*** Opening of Input data ***

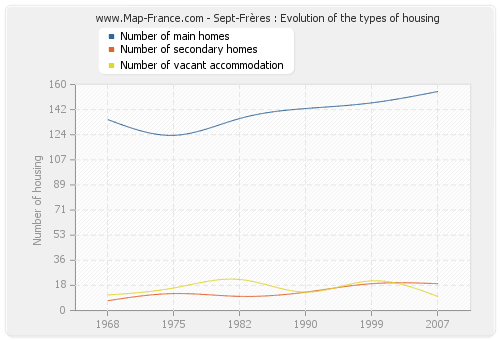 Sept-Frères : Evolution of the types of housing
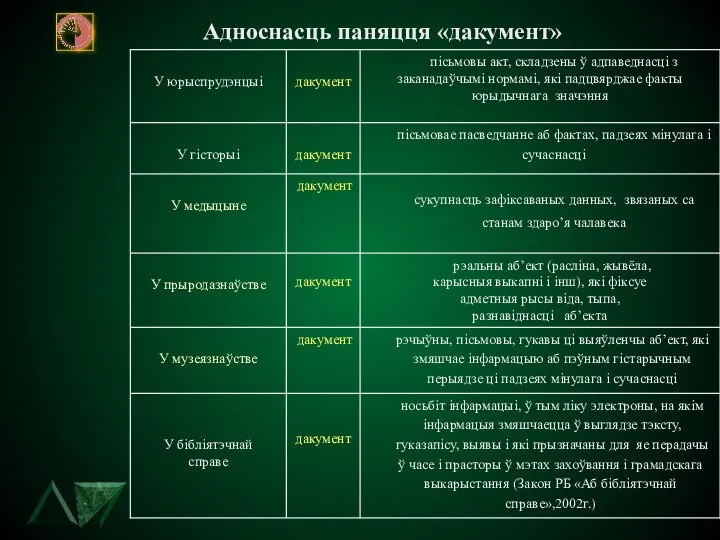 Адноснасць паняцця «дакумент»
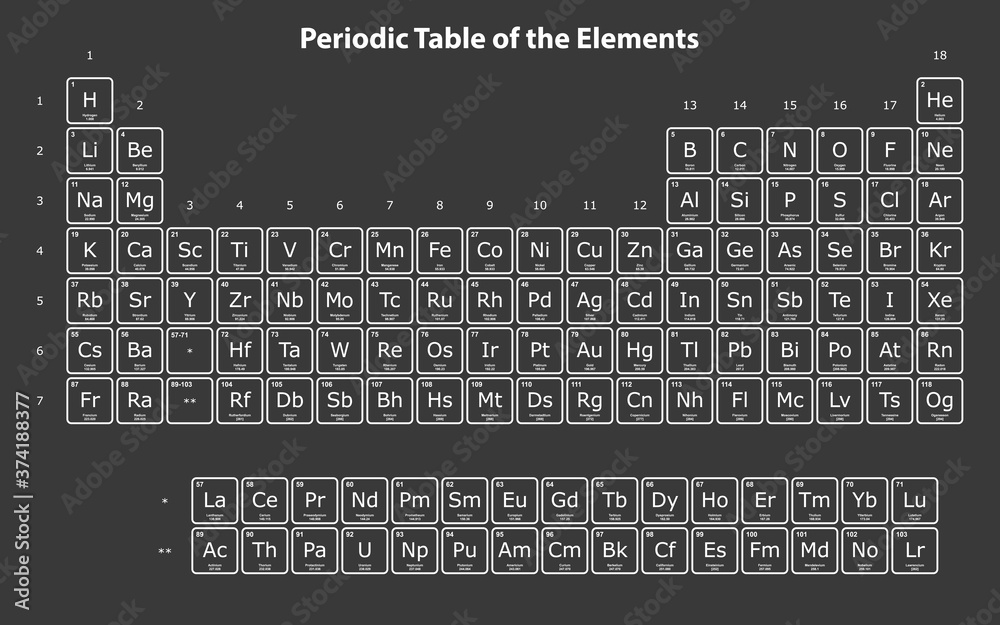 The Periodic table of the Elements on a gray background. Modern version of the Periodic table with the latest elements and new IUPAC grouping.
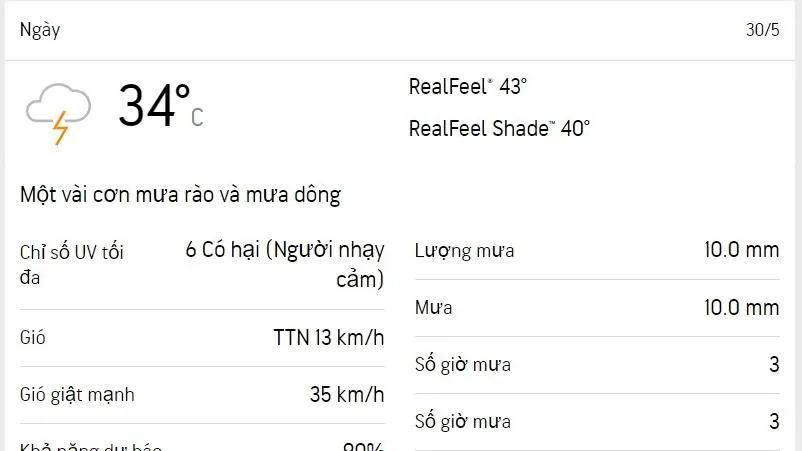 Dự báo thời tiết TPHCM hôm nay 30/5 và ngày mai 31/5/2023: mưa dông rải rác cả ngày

*** Close of Input data ***

# [Work request]
Write out the listing above exactly as it stands, pictures excluded.

# [Solved exercise]
 Sept-Frères : Evolution of the types of housing
 Адноснасць паняцця «дакумент»
 The Periodic table of the Elements on a gray background. Modern version of the Periodic table with the latest elements and new IUPAC grouping.
 Dự báo thời tiết TPHCM hôm nay 30/5 và ngày mai 31/5/2023: mưa dông rải rác cả ngày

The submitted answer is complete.